13 Duplicate Content Issues & How to Fix Them
Duplicate content refers to any content that appears in more than one place across the web; however, it is also common for duplicate content to appear on multiple URLs on the same site due to technical issues.
From an SEO standpoint, duplicate content can be detrimental to your site—it can hinder its crawlability, confuse search engines, and harm your rankings, so it is critical to identify and rectify these issues promptly.
But don’t fret, we’ve got you covered!
Here, discover solutions to 13 of the most common duplicate content issues so that you can boost your site rankings and optimize your user experience to win more customers.
What is duplicate content?
Duplicate content refers to the same content that appears on multiple URLs, whether on your site or any other site.
Search engines classify each URL as a separate page, so having the same content on more than one URL is detected as duplicate content.
How does duplicate content affect SEO?
Duplicate content—both on your site and on external sites—affects your SEO in many ways, which we will cover more extensively later in the article.

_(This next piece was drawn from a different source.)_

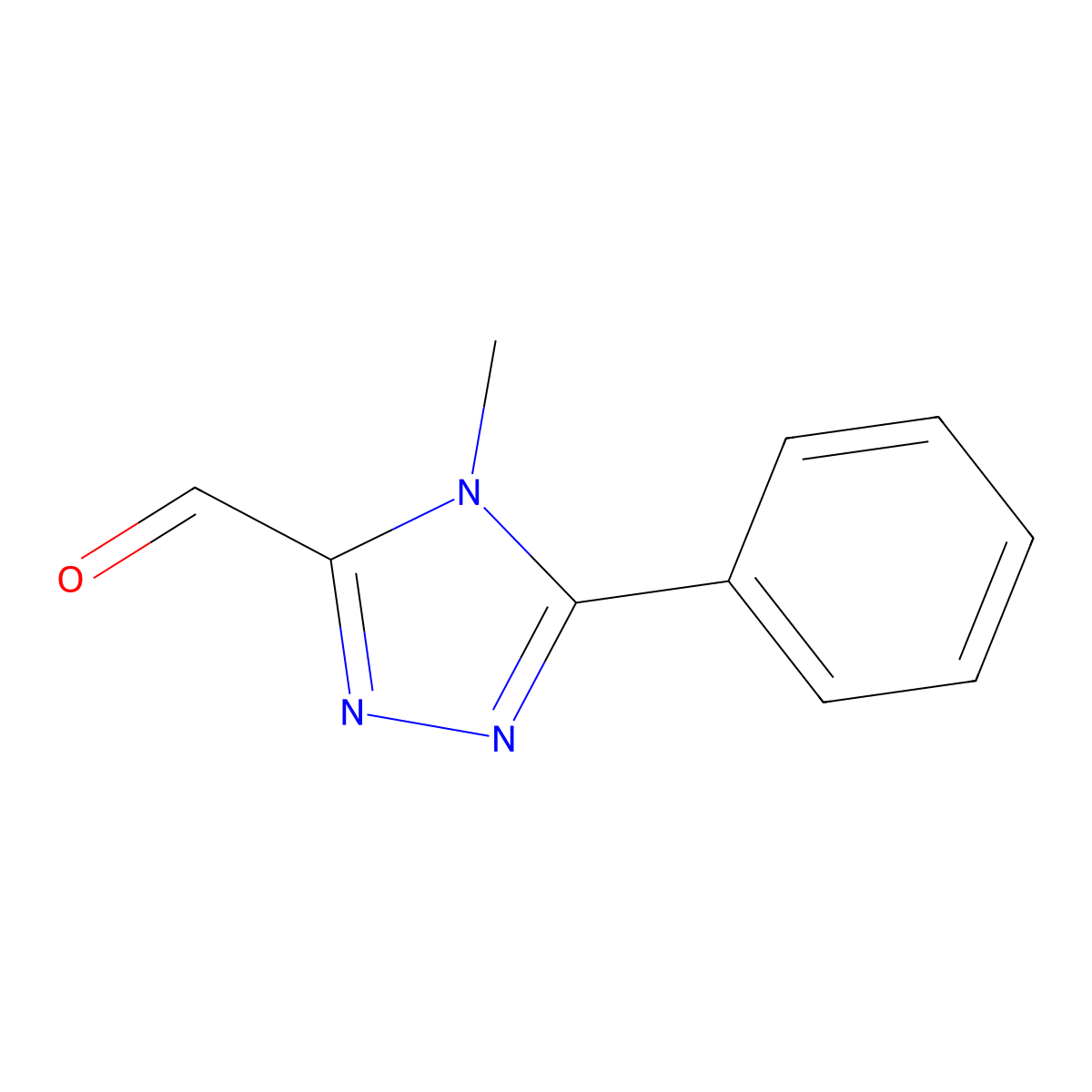 4-methyl-5-phenyl-4H-1,2,4-triazole-3-carbaldehyde molecular structure, CAS 219600-03-0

But first, here are five of the biggest SEO drawbacks of duplicate content:
- Dilution of link equity across the different URLs displaying duplicate content
- Exhaustion of your site’s crawl budget
- Poor user experience for your site visitors
- Confusion for search engines when crawling and indexing your site
- Missed opportunity to target additional search terms
Myth Debunked: There is no SEO Penalty for Duplicate Content
A common SEO myth is that Google penalizes sites that contain duplicate content. This is not true—according to Google’s Senior Webmaster Trends Analyst John Mueller.
Nevertheless, Google often filters out pages with duplicate content to prioritize and display the most relevant page on its SERPs. So, if you have duplicate content on multiple URLs or shared between your site and another domain, you may lose some valuable traffic given the drop in SERP exposure.
13 Common Duplicate Content Issues & How to Fix Them
There are many reasons why duplicate content may exist. Often, it is caused by technical issues or by accident, rather than someone intentionally cloning a page. Depending on the cause, there are different ways to fix duplicate content. Here are the 13 most common duplicate content issues and how to resolve each one.
1. Homepage Canonicalization
Duplicate content caused by homepage canonicalization occurs when your homepage bears multiple URLs. In this case, users may be able to access your homepage via any of these sample URL variations:
So, if you do not set up redirects or signal your preferred subdomain to Google, it may index each URL as a different page, thereby diluting link equity across those various URLs.
What is the solution to duplicate content caused by homepage canonicalization?
Set up a 301 redirect to your preferred homepage URL.
2. Content Syndication
Content syndication refers to the republishing of your web-based content by an external domain (i.e., third-party publications and channels).
Although content syndication can help you reach a broader audience, Google may identify republished content as duplicated if not done correctly.
And while sources with republished content are usually filtered out, there is still a chance of Google ranking the external site higher than the original, particularly if it has higher domain authority. This can result in a loss of valuable traffic for your site.
What is the solution to duplicate content caused by content syndication?
If a third-party publication wishes to republish your content, ensure that they clearly state the source, include a backlink to your original article, and ideally include a canonical link.
On the flipside, if you wish to replicate content from another site, consider creating original content unique to your brand that targets similar keywords instead.
3. URL Capitalization
URLs are case-sensitive to search engines, meaning that the seemingly same URL with and without capital letters count as two different pages. Thus, URL capitalization inconsistencies across your site would constitute as duplicate content.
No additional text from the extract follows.